The Time Machine

“There are really four dimensions, three which we call the three planes of Space, and a fourth, Time.”

― H.G. Wells, The Time Machine

Time is a peculiar notion. 

It is tumultuous and taunting. It mocks us as we frantically attempt to define it, restrain it. All the while it continues, relentless and unyielding in its suffocating pursuit. Hungrily consuming the air from our lungs and darkening our thoughts.

The passage of time is truly daunting and deplorable. Its icy, unsympathetic, bony hands wound forcefully around my neck. Its spindly fingers creeping down my throat, choking me while it laughs uproariously in my face, its rancid breath blistering the skin on my cheeks. 

Where did the years go? 

What have they given us? 

Often it appears little more than the lingering stench of remorse, defeat, anguish and utter despair.

Yet here we are. Human beings barreling towards an indiscernible and imaginary finish line. What do we hope to achieve? What is the purpose of all our running? What are we even running towards? Isn’t it time to take a step back? To reflect? To take a deep breath and observe the world around us? 

Take it all in. 

Breathe. 

Allow ourselves to become submerged in the here and now. 

Just breathe in. 

Breathe out.

How facile it is to be sucked into and suffocated by the banality of our existences. Going through the motions, pages blowing off the proverbial calendar without us so much as batting an eye. The years go on and we grow weary. 

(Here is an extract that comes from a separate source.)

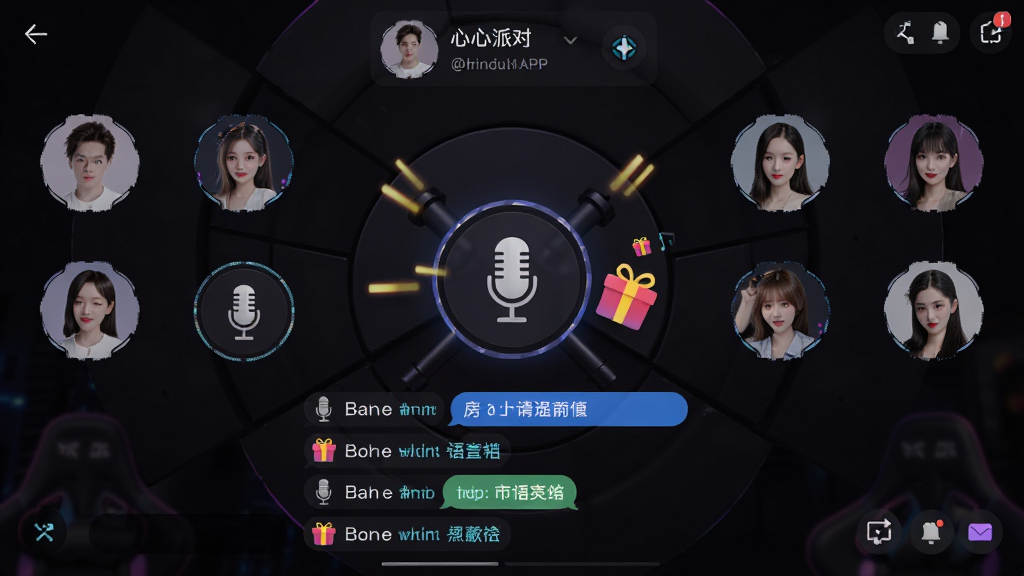 心心派对APP语音房间内部界面,主体是多个用户头像环绕排列在麦位区域,布局为上方房主信息下方公屏聊天区,排版整齐有序,风格为暗色系电竞风格,细节包含麦克风图标、礼物动画特效、聊天文字气泡,画质高清干净无多余元素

And so we must force ourselves to exhale. For so often it seems like we are constantly holding our breath.

- M xx


Love in the Time of Corona

“It was the year they fell into devastating love. Neither one could do anything except think about the other, dream about the other, and wait for letters with the same impatience they felt when they answered them.”

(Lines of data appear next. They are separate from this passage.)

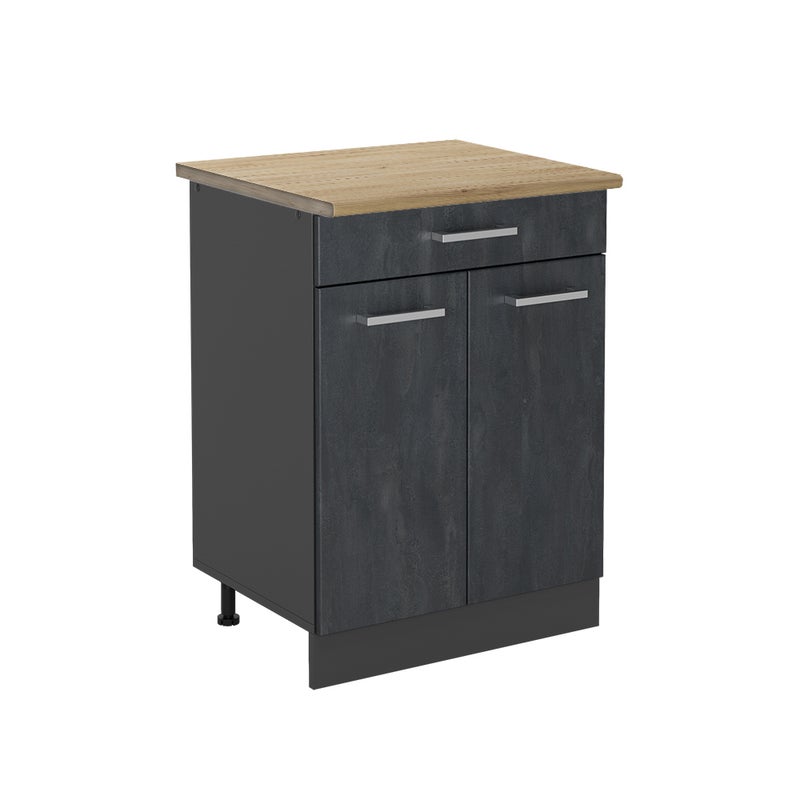 Vicco Szafka dolna do kuchni R-Line, Czarny beton, 60 cm BP Dąb
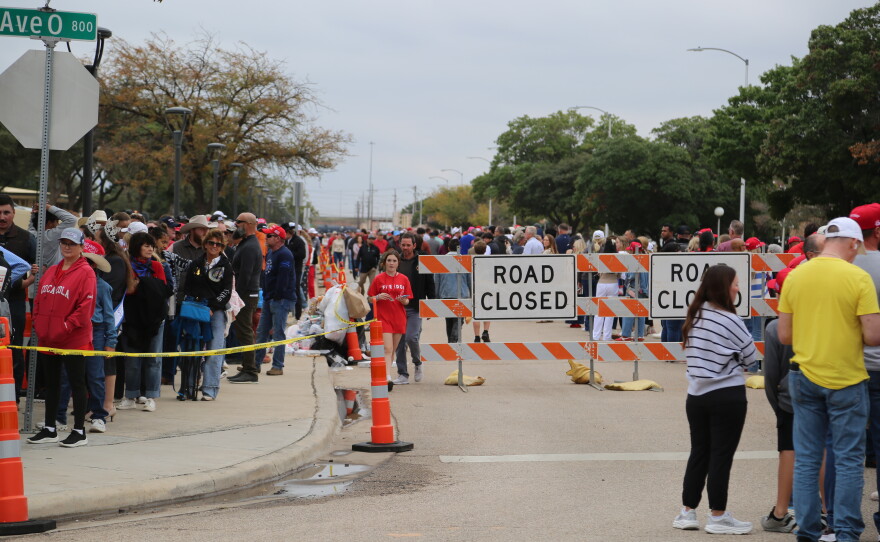 The line of people at Trump's rally wrapped around both sides of 9th Street south of the Lubbock Memorial Civic Center.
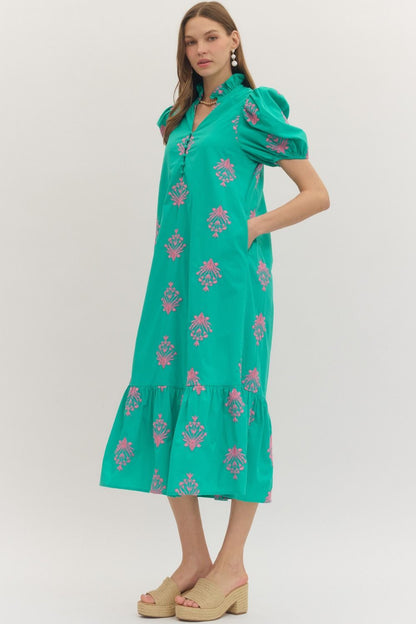 Botanical Button Midi Dress
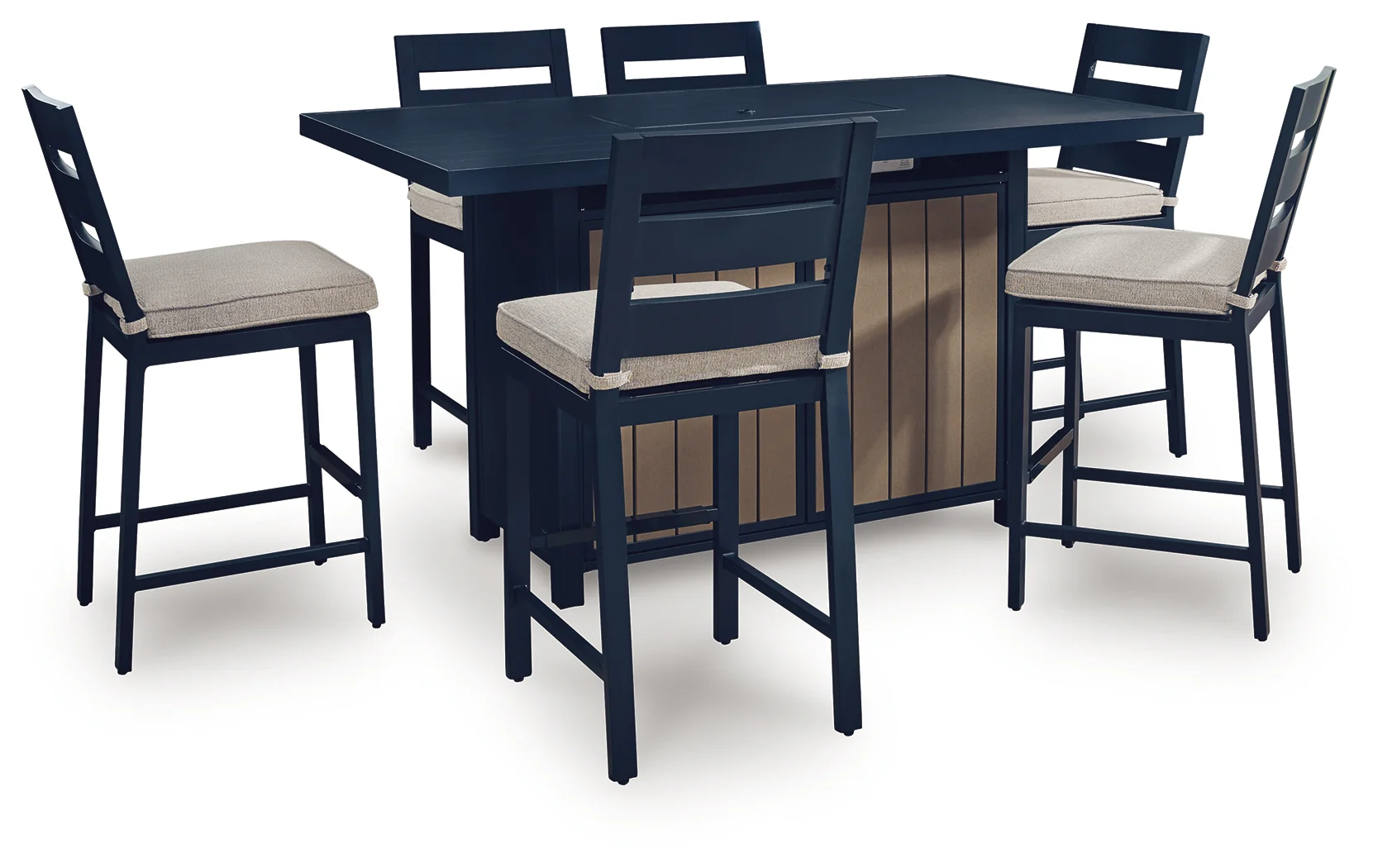 East Navy Blue/Driftwood Beach Outdoor Fire Pit Table and 6 Barstools - Image 3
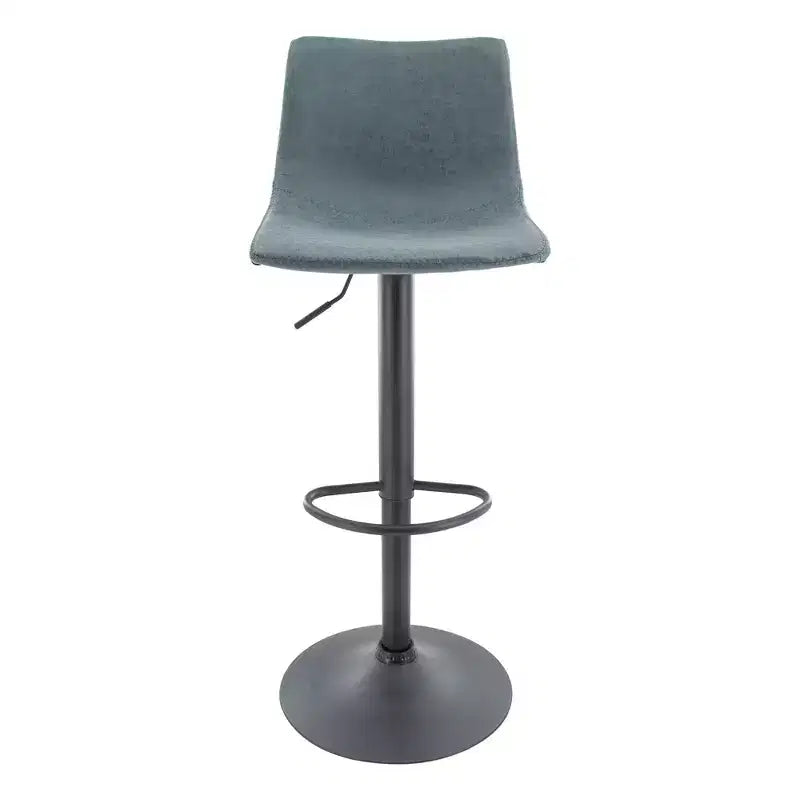 Tabouret de bar moderne LeisureMod Tilbury réglable en hauteur avec revêtement en cuir végétalien et repose-pieds, idéal pour îlot de cuisine, comptoir ou bar à domicile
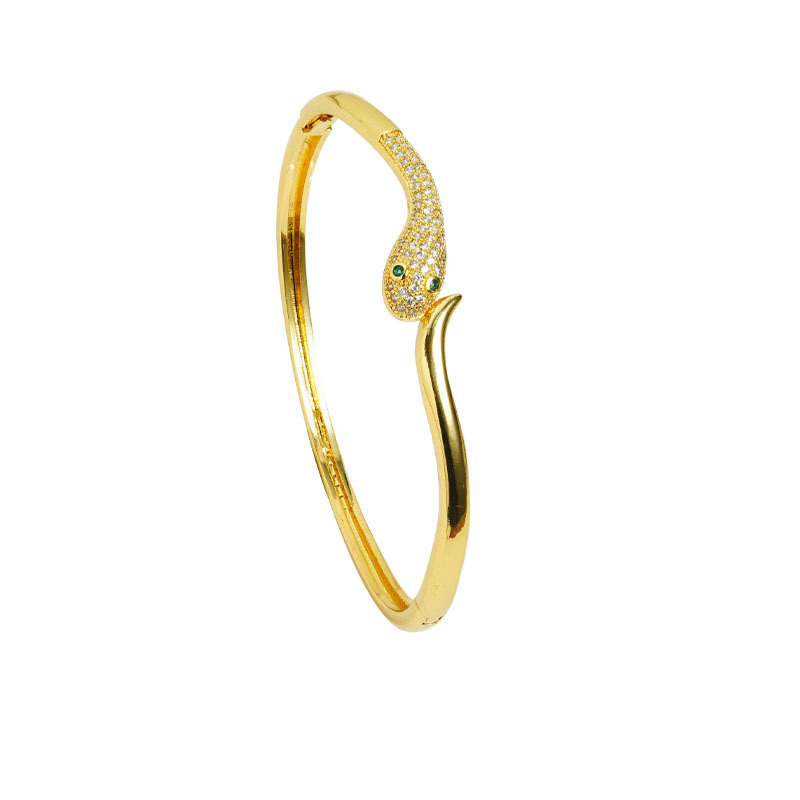 Brazalete de oro de arena vietnamita transfronterizo, estilo de lujo ligero, brazalete de serpiente con incrustaciones de diamantes, diseño de temperamento, joyería que no se desvanece durante mucho tiempo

- Gabriel García Márquez, Love in the Time of Cholera

I have grown unreservedly weary of the notion that if it’s too good to be true it probably is. Have we become so jaded that we no longer believe that we are entitled to pleasure? I, for one, reject that premise entirely. If we can grasp even the slightest moment of contentment in this absurd and irrational realm with every damn nigh apocalyptic occurrence currently transpiring ad nauseum why fucking shouldn’t we? I am confidently apathetic as to whether or not it fits others’ anticipations of how happiness should appear and am unaffectedly indifferent apropos of the antiquated conventions it is expected to meet. To finally be truly gratified, fulfilled and secure amidst the dumpster fire burning furiously around us? I will undoubtedly sink my teeth into that shit and not a fuck am I relinquishing my grip. 

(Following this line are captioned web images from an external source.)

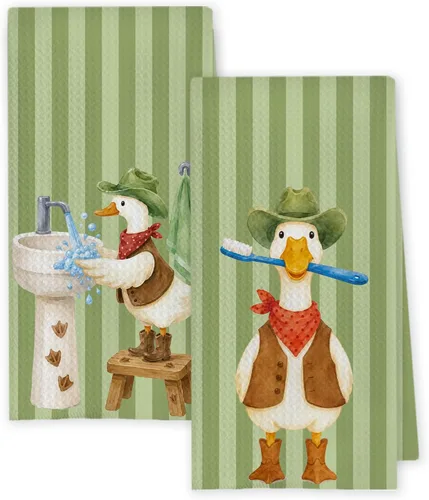 Vista 15 de Chicimln - Divertidas toallas de mano de goma para baño, estilo bohemio, para bañera, pato amarillo, toallas de mano decorativas para niños y niñas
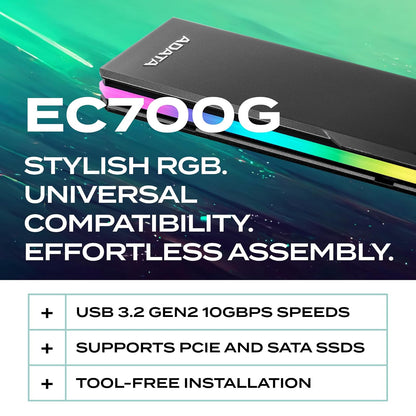ADATA EC700G - Adaptador de Caja Externa portátil de Aluminio USB 3 Gen 2 Type-C M.2 2280/2242/2230 PCIe/NVMe/SATA SSD SSD con diseño sin Herramientas (AEC700GU32G2-CGY)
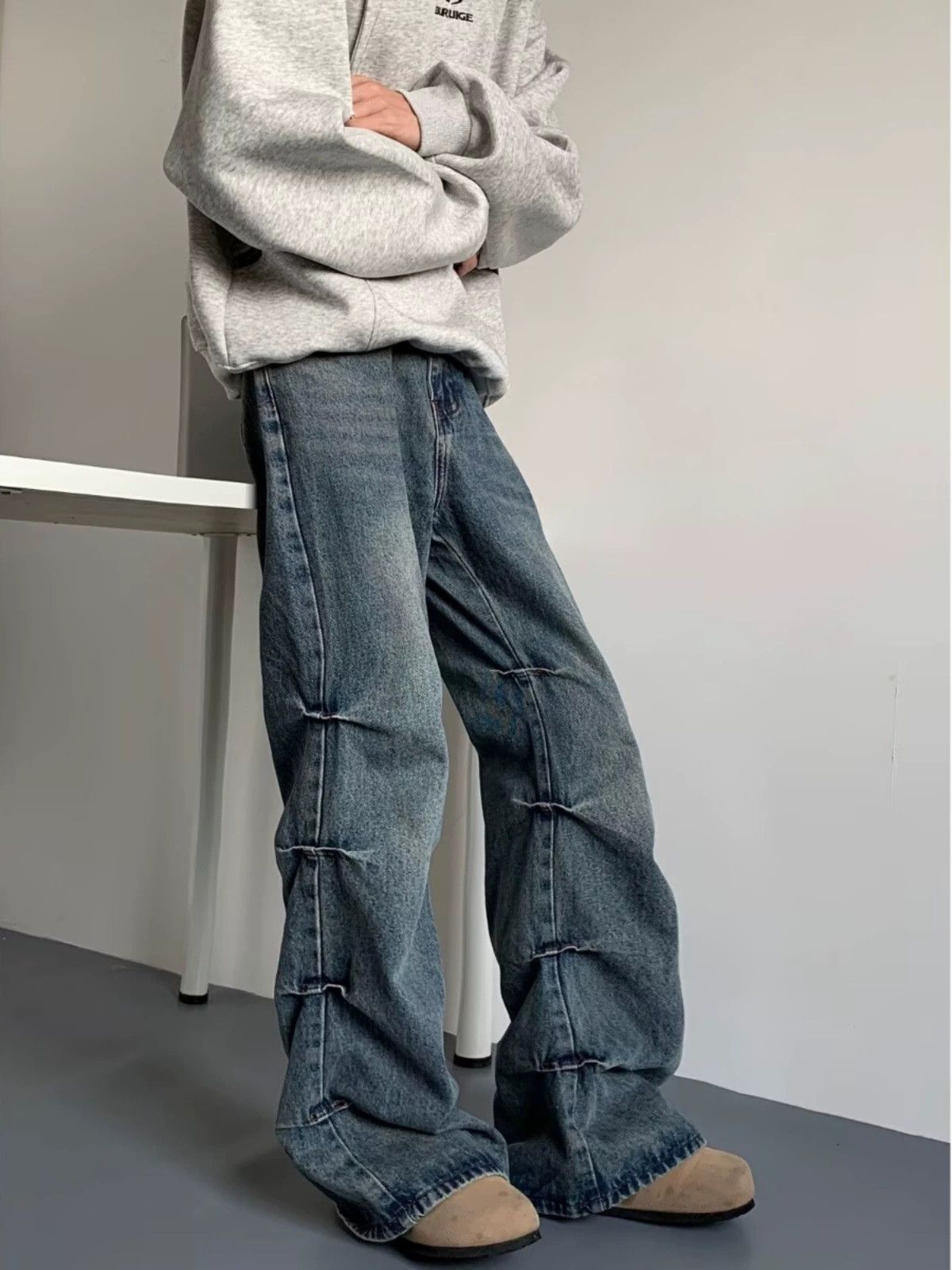 Jean Hiphop washed distressed wrinkled vintage jeans Size US 32 / EU 48 - 3 Thumbnail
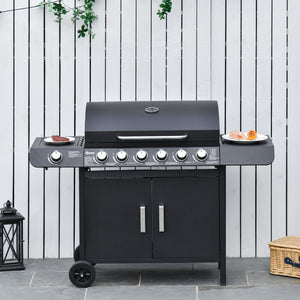 6+1 Burner Gas BBQ Grill, Outdoor Barbecue Trolley with Wheels, Warming Rack, Side Shelves, Cabinet, Thermometer for Garden, Party, Camping, 135 x 51.5 x 100cm, Black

It is, to some extent, bewildering that all it can take is a singular, profoundly incredible human being to illustrate that you have exhausted 32 years of your existence utterly delusional vis-à-vis the conventions of romantic love. All of the calamity, the waterworks, self-loathing, cross-examination, torment, self-harm and substance abuse. The ostensible ardent melancholy; the aspirant, unambitious originators with their deep-rooted misery and unrelenting malaise. That cloying fairy-tale can remain buried within the pages of angsty dark romance novels where the tired trope of the tortured artist belongs.

Those who persistently weighed you down, made you feel less-than, imbibed your verve and joie de vivre with the ferocity of a ravenous succubus. Those that made you feel insignificant so that they might feel extraordinary, superior. Unswervingly placing you on trial and condemning you for their own inadequacies and failures and disenchantments. Those whose voices were deafening all the while refusing to hear. Those who floundered in their darkness and expected you to do the same, simultaneously dragging you into their very own personal circle of hell. Those who held you responsible for their misfires, incompetence and undoubtedly their own repentances, negating any accountability for the circumstances of their own creation.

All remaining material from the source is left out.